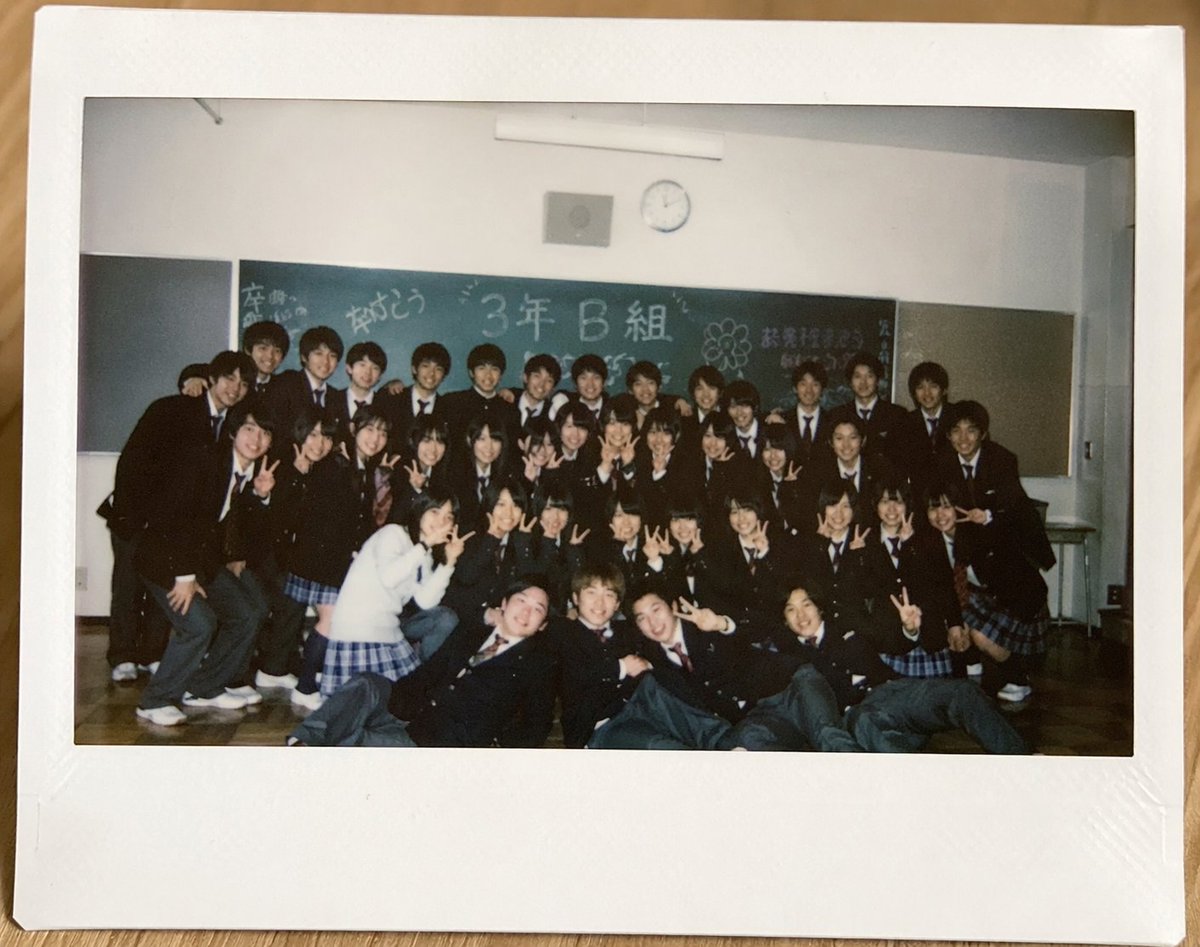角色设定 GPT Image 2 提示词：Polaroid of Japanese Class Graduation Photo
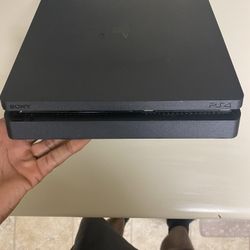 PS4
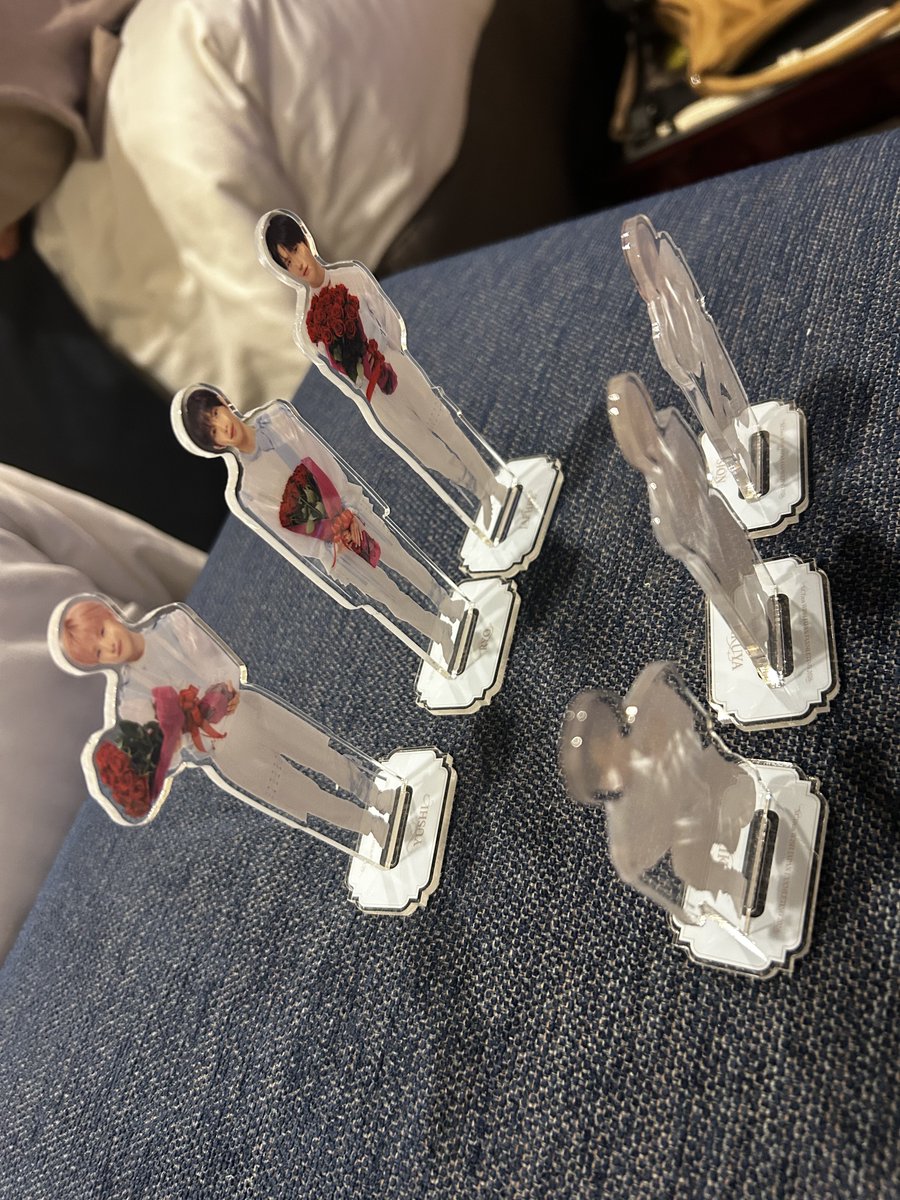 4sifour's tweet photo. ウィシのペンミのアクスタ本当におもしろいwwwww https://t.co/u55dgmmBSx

——

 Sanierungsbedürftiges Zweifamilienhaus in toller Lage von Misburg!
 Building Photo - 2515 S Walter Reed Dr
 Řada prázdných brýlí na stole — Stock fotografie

——

#### WORK INSTRUCTIONS
Nothing but the lines above from the one that has "角色设定 GPT Image" down to the one that has "4sifour's tweet photo." belongs in the answer, copied exactly, without pictures.

#### EXERCISE SOLUTION
角色设定 GPT Image 2 提示词：Polaroid of Japanese Class Graduation Photo
 PS4
 4sifour's tweet photo. ウィシのペンミのアクスタ本当におもしろいwwwww https://t.co/u55dgmmBSx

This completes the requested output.